Postmaster C.A. Wagner, of Russell Gulch, has ordered some new post office boxes and promises to make his office look first class in every respect.

Ernest Paoli, a miner working in the Wautaguua Mine in Russell District, was badly injured Thursday morning, by a blast which caught him before he could get away from the shots.

Born: In Central City, March 2nd, 1900, to the wife of J.W. Woten, a daughter.

Born: In Central City, February 25th, 1900, to the wife of Henry Wickland, a daughter.

Born: In Black Hawk, February 27th, 1900, to the wife of Tom Melz, a daughter.

Married: In Central City, February 26th, 1900, at St. Mary’s Church, Rev. Father Desaulnier officiating, Mr. Steve Laner of Russell Gulch, and Miss Anna Dalpez, of Central City.

Died: Fred Currier, a traveling piano player, died suddenly Saturday afternoon in Lou Bunch’s house on Pine Street, his death being caused by an overindulgence of alcohol, morphine, and opium.

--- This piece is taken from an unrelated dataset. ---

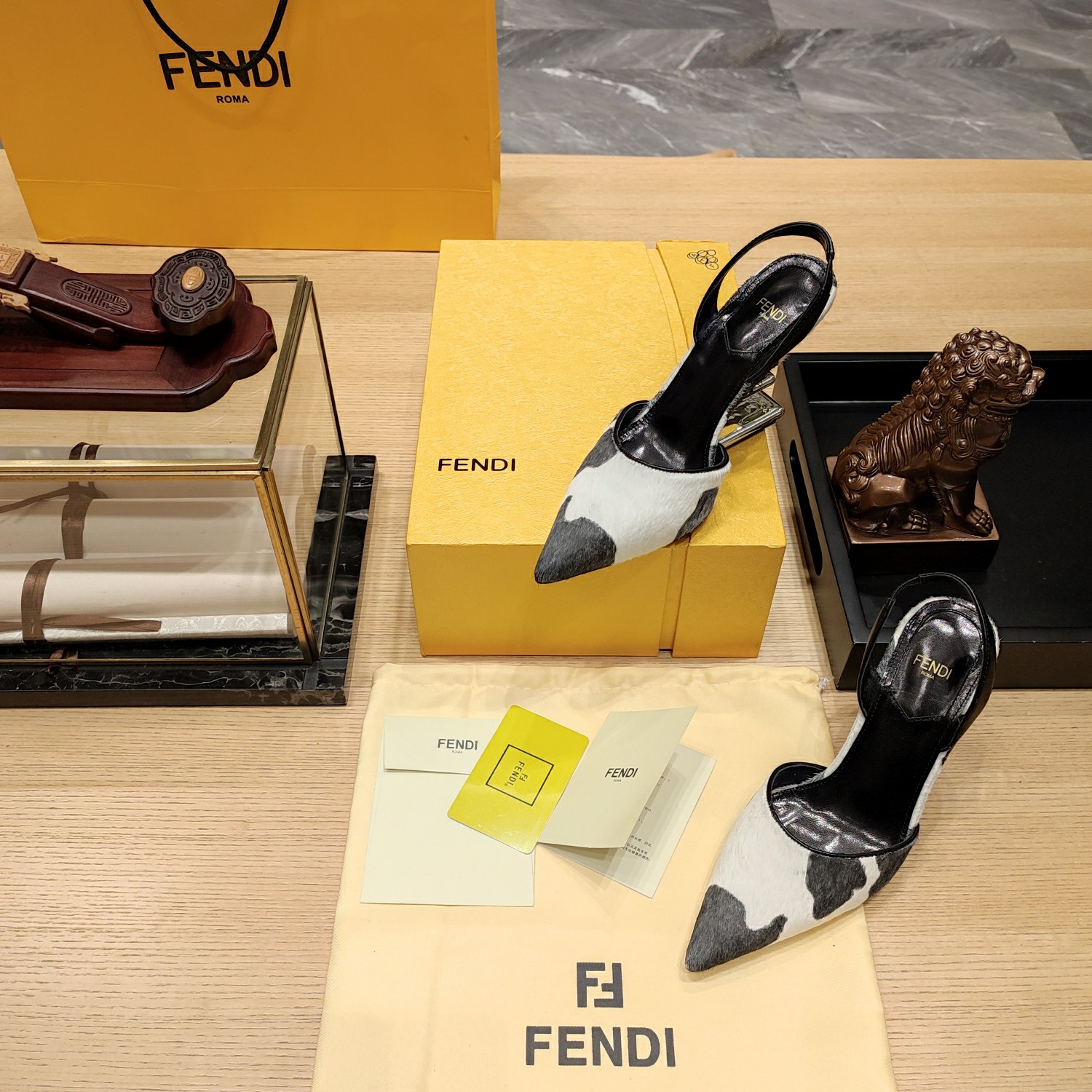 Fendi*春夏经典系列鞋履呈现精致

Died: In Nevadaville, February 26th, 1900, of pneumonia, Jane, wife of James Thomas, aged 29 years.

Died: In Central City, February 26th, 1900, John S. Richards, aged 82 years.

Died: In Russell Gulch, March 1st, 1900, Ezra, son of Mr. and Mrs. D. Mooberry, aged 4 months.

Died: In Central City, February 23rd, 1900, Alice E., daughter of Mr. and Mrs. Nels Lind, aged 3 years.

151 years ago – March 4, 1870

A man working in a mine on Bobtail Hill was quite severely injured Wednesday by a scale falling from the side of a drift. This was his first experience in mining, and he told the man working with him that if they did not stop throwing rocks at him, he would quit work.

Jerome B. Chaffe & Company were advertised as the agents in Central City and Georgetown for the new stage line of John Hughes & Company, who were the successors of Wells Fargo & Company stage line.

The Guy House, on Guy Hill, was advertised as the best hotel between Central City and Denver.

Tuesday morning’s paper had an account of finding of three gunny sacks in the Bates Mine, by parties who were examining the mine with a view of taking a lease. The sacks were taken to the surface and, on being opened, showed they contained the remains of a negro, supposed to have been the late George Smith, who after being hanged, was buried by the county. Some doctors had seen the body and, after dissecting it, had dumped it down the mine.

The new school house in Black Hawk was opened for the first time on Monday, and the paper spoke of it as being the best school building in Colorado, if not in the west.

Weston & Webber received a new hearse, trimmed with silver, glass and feathers, and the editor suggested that someone should die, just for the pleasure of riding in the new concern.